So I planned. I knew my Dad was weakest at night when he usually got up around three in the morning to use the washroom. His bladder was clockwork that way, unless he had fallen asleep in front of the television. On those occasions I still remember waking up to the test pattern tone and walking to the living room to see Father splayed out on the recliner. I hated to wake him, he looked so peaceful in the multicolored cathode ray glow, the "BWEEEEEE" sound emanating from the TV....those were the only times he seemed truly happy. But I knew if he slept all night in that chair he'd wake up with a sore back and be cranky all day and probably not give me money for the ice cream man, so it really was enlightened self-interest propelling me to wake him in those situations.

But mostly he slept in bed, of course. And I'd always hear my parent's door opening late at night as he walked down the hallway. Seventeen heavy footsteps later, I'd hear the bathroom door opening. Then the 'tink!' sound of the toilet lid being lifted up. After a brief silence, the steady liquid droning of parental bladder drainage would assault my young ears.
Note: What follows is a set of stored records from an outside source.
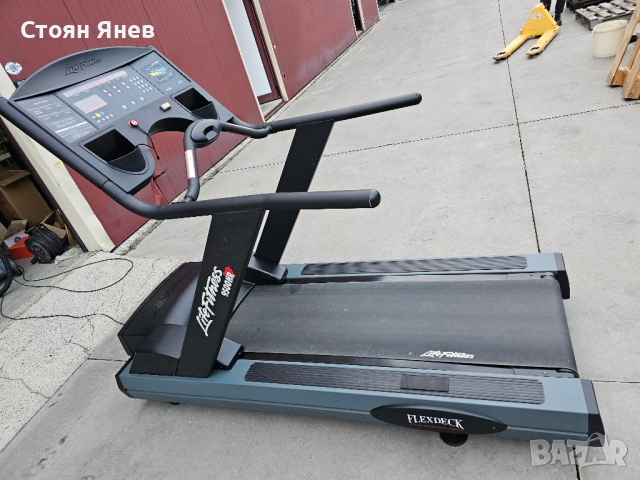 Професионална бягаща пътека Life Fitness 9500HR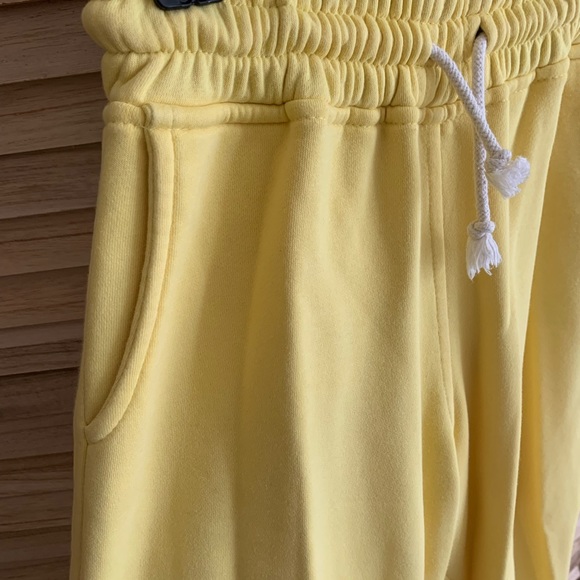 Tracksuit - Picture 4 of 5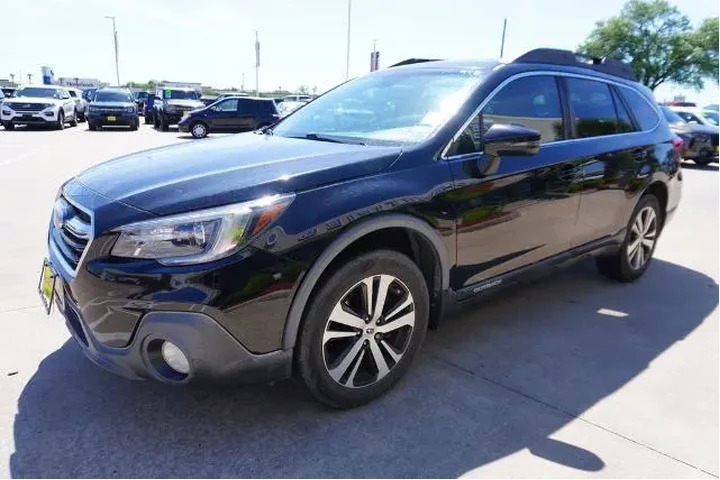 $17888 : Subaru Outback 2019 AWD 2.5i image 3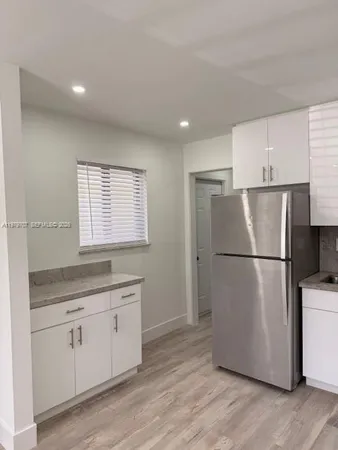 $3,900 | 3609 Southwest 27th Street, Miami, FL 33133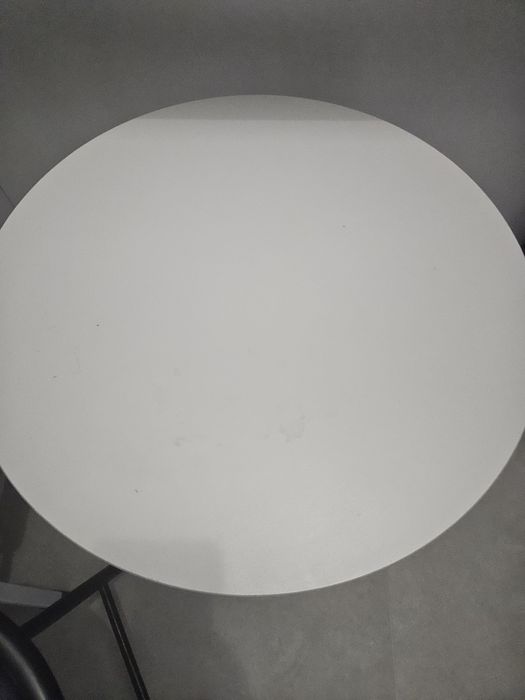 Stolik  na kółkach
The sound would taper off to silence, followed by flushing, then the "tink!" of the lid going back down, and Father would re-trace his seventeen steps back to the bedroom. I'd hear the door close, and then the faint sounds of the protesting bed springs and my Mom asking him in a sleepy voice if he put the toilet lid back down as he resumed his sleep.

So I knew he pretty well operated on autopilot during those nightly visits to the john. Now that I had a time and a place to strike, I just had to come up with a plan to get him. But all I had were some toys and an overly-imaginative brain. I couldn't exactly throw a Nerf ball at my Dad and expect any sort of emotional satisfaction. What to do...what to do?

And then I spied my big blue box of Lego pieces innocently sitting in the corner of my room. It was a huge two and a half foot tall container, and there had to be thousands of tiny little blocks and other shapes in it...all made out of indestructible, father-foot-ravaging plastic possibilities...

I began to plan...

**** **** ****

It's two-twenty three in the morning. The world is dark and silent. I know I have a little less than an hour to put 'Operation Bringdown' into effect before Dad makes his predictable three a.m. visit to the restroom.

I'm lying in bed staring up at the ceiling, going over and over the plan in my juvenile mind. When everything and everyone seems to be perfectly quiet and presumably asleep, I silently hop out from under the covers and pad, ninja-like, over to my large box of Lego.

I had previously prepared the box for transportation by sticking the little blocks of Lego to the larger pieces so that there would be no alarm-raising plastic rattling as I carry it with two hands out of my room. I have to be quiet pushing the door open with my shoulder, but I move with a quiet determination and patience born from years of practice of infuriating my Father.
Wow, it's dark. I can barely see a thing as I creep down the hallway, keeping the box low to the floor. I'm positive my Dad won't be able to see a thing when he takes what will probably be his last seventeen steps for quite awhile.

About three -quarters of the way to the washroom, I put the Lego box down and start to get to work. Now, it'd be easy enough to just scatter the pieces willy-nilly about the hallway wood-flooring, but that just wouldn't be very creative. I figure, if I'm going to get in trouble, I might as well have some fun.
I ponder for a few minutes trying to determine the best things to build out of Lego for my Dad to step on for maximum effect. I want to put some aesthetic appeal in my creations for the "landmine area", so I'm glad that I remembered to bring each and every single Lego piece I owned for just this moment.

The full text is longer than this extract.